The newly renovated historic Estey pipe organ at Community United Methodist Church in Coeur d’Alene is more than an instrument. The congregation views it as a member of the choir, the spirit of the church.
“For congregations that still offer traditional worship services … there is nothing quite like a pipe organ,” said Mark Haberman, avid organist and chairperson of the organ renovation committee. “The pipe organ envelopes you, it’s like when you sing, the vibrating column of air makes the pipe organ almost one of the congregation.”
The pipe organ has been at the center of their musical worship for just about as long as the congregation has been a congregation.
The original worship facility was built in 1908 and the pipe organ was installed shortly after in 1909. It served faithfully for decades, undergoing a major period of repair in 1978 when the console (keyboard control area) was replaced and the number of pipes was nearly doubled. When the congregation decided to move to a new building in 1993, the pipe organ was removed, stored for a time and, in 1994, reinstalled in the new church.
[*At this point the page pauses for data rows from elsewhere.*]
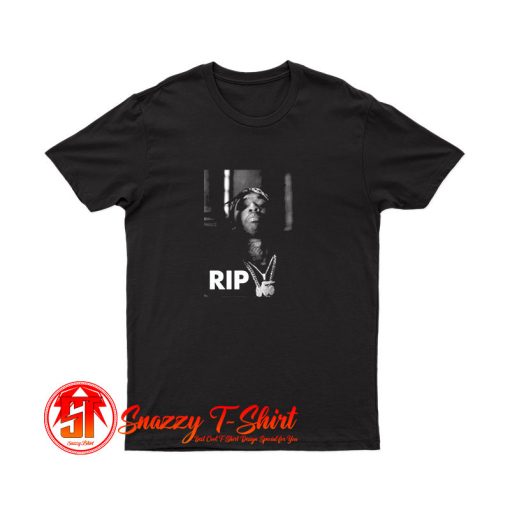 Pop Smoke RIP Poster T Shirt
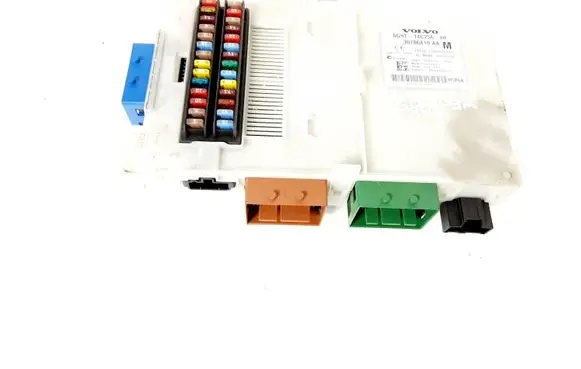 Volvo S80 Comfort/convenience module 6G9T14C256HF 30786819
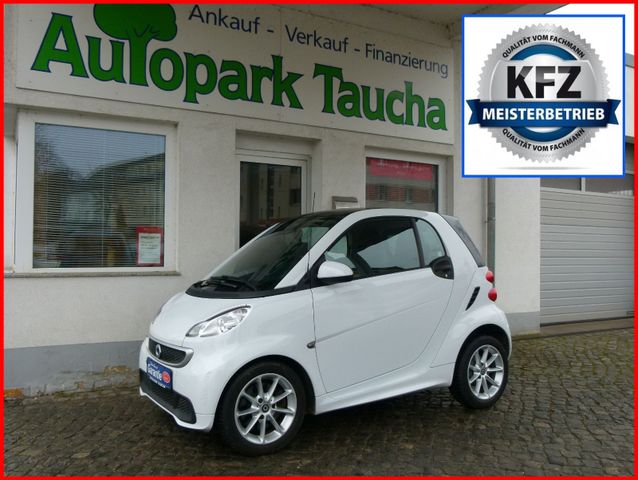 Smart ForTwo SERVO Klima Sitzheizung Navi +GARANTIE+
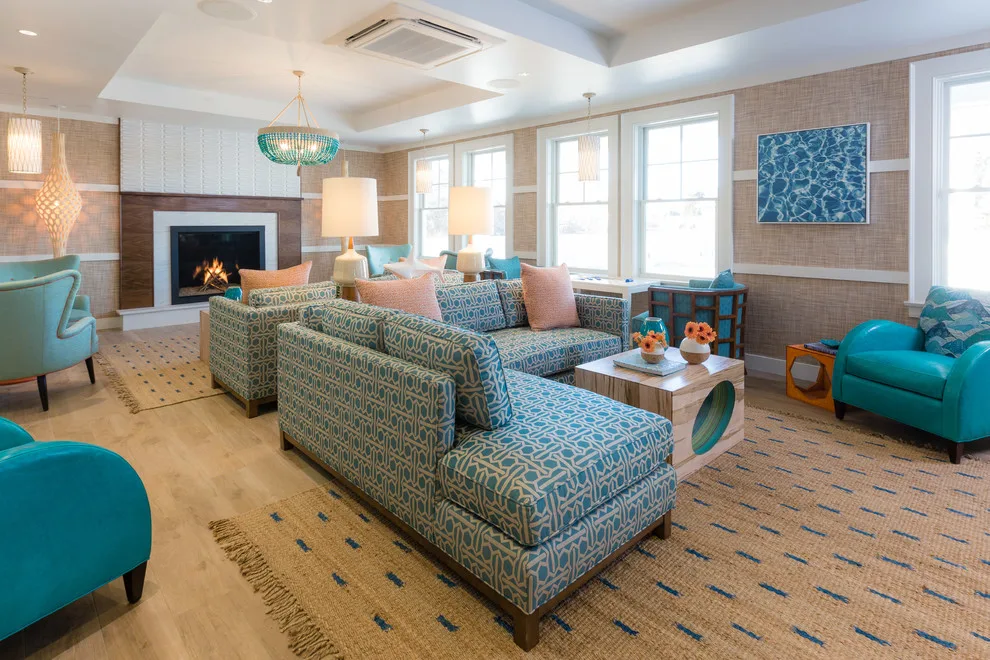 The Narragansett Break Hotel, Rhode Island by Digs Design Company - Photo 7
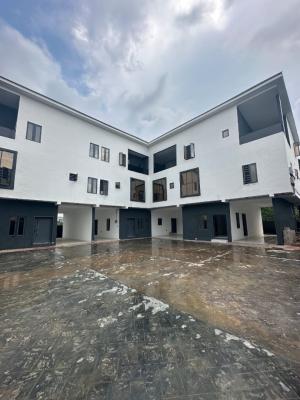 Luxury 4 Bedroom Terrace Duplex, Omole Phase 1, Ikeja, Lagos, Terraced Duplex for Sale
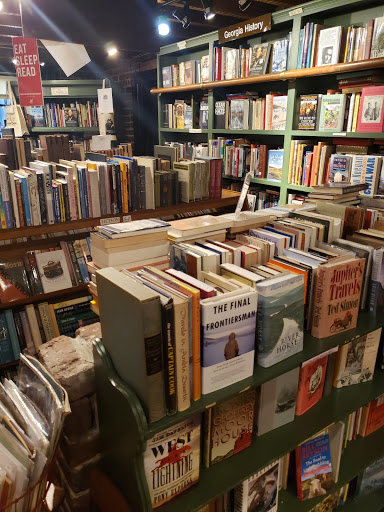 Book Store «The Book Lady Bookstore», reviews and photos, 6 E Liberty, Savannah, GA 31401, USA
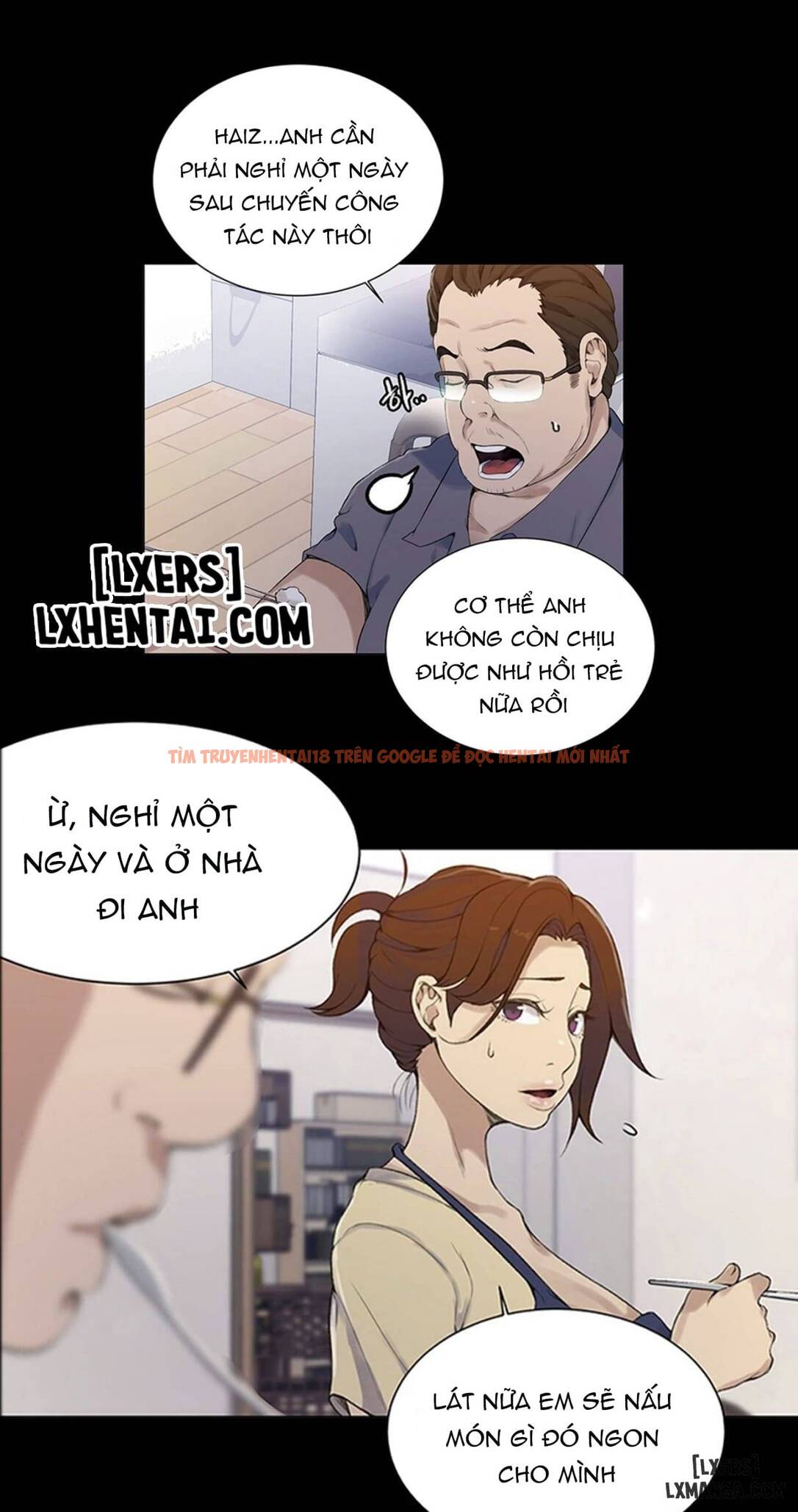 Xem ảnh 22 trong truyện hentai Lớp Học Gia Đình - Chapter 21 - hentaitvn.net
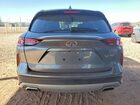 2024 Infiniti Qx50 Luxe Серый vin: 3PCAJ5BA9RF109009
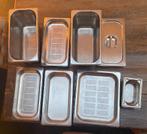 Set Miele stoompannen, Witgoed en Apparatuur, Ophalen, Gebruikt
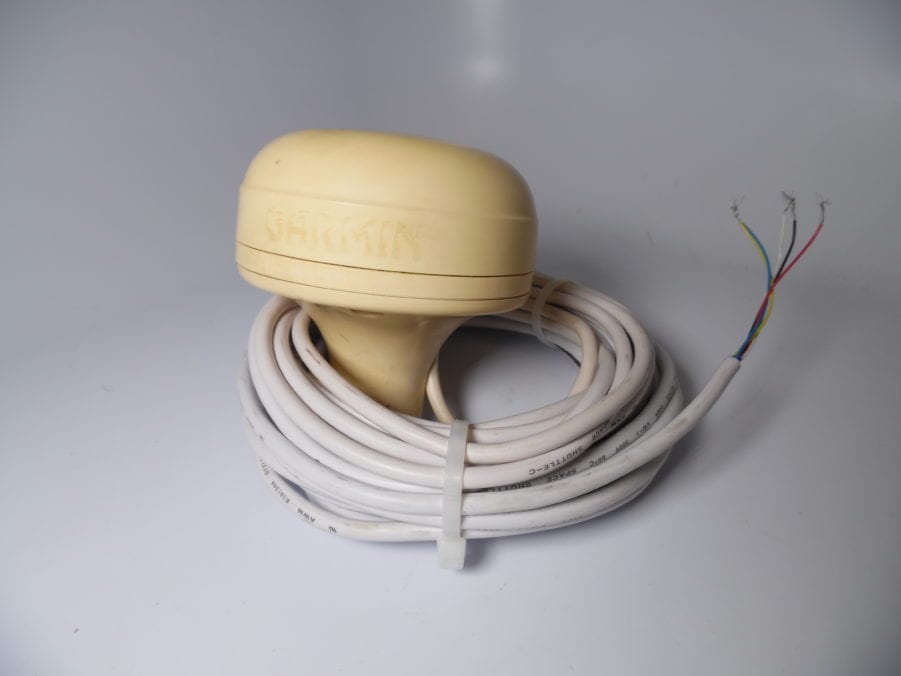 Garmin GPS17-HVS GPS Antenna with 29' Cable - Tested Working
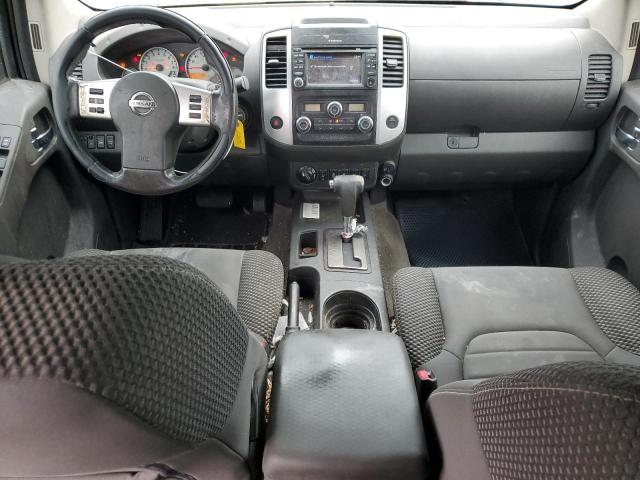 Photo 8 from auction – 2018 NISSAN FRONTIER S with VIN 1N6AD0EV5JN736009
By 2015, it was clear the pipe organ had again fallen into disrepair. After more than 100 years of use, the windchest system – the pipe organ equivalent to the hammers in a piano – was becoming unreliable. The organists were forced to learn workarounds. Playing had become less of a joy and much more of a battle. They just couldn’t trust the keys and stops to produce the necessary sounds. so the congregation formed a renovation committee and set to work recording how and what needed to be done.
“We wanted to create an instrument that would serve this congregation for decades to come, something of beauty,” Haberman said. “For this congregation this whole process has been one of great love. Honoring the past while looking to the future.”
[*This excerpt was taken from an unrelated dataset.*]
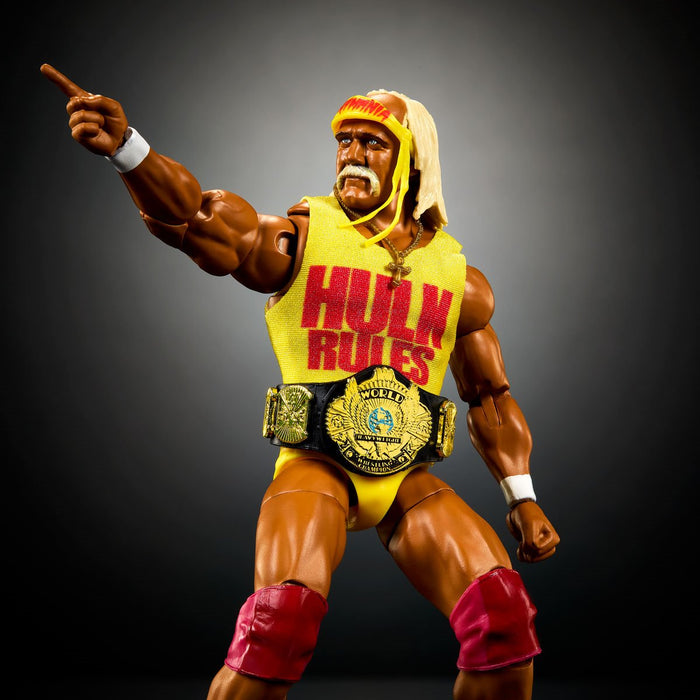 Hulk Hogan - WWE Ultimate Edition Wave 30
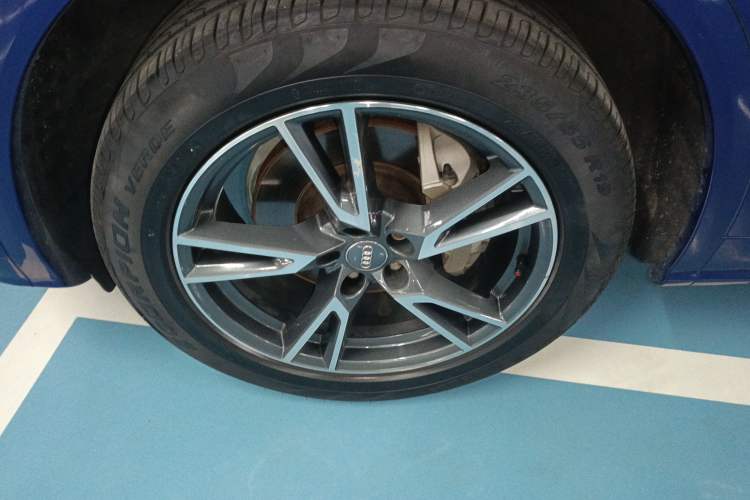 Used Audi Q5L 2018 40 TFSI Prestige Fashion Edition China VI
When it came time to renovate the organ the committee had the chance to increase the range of sounds it could produce. Adding a pipe or series of pipes to an organ is more akin to adding an instrument to an orchestra than a string to a piano; the organ was missing a trumpet.
“With pipe organ building you’re commissioning a work of art,” Haberman said. “We wanted to add some colors to our palette. You can imagine a painter who says, ‘You know, for a richer painting, I want additional colors,’ different types of sounds that might have been missing. Organists have a sense of what might be missing.”
Today, after a little more than three years of work, the latest renovations and repairs are complete with an entirely new windchest system and an additional 300 or so pipes, all of which have been recycled from dismantled vintage organs. This leaves the final count at 1,581, a quarter of which remain from the original 1909 installation.
Sunday afternoon, the pipe organ will be rededicated during a recital celebration at the church. Haberman and fellow organists Bryl Cinnamon and Cynthia Marlette will perform a series of works that showcase the pipe organ’s expressive range and depth.
Two of the featured pieces were specially commissioned for the dedication ceremony. Cinnamon will perform David Dahl’s Prelude on “Eventide” and the church’s chancel choir will join Marlette in Mark Wilberg’s “Jerusalem, My Happy Home.”
This story has been updated to reflect the correct name of the church.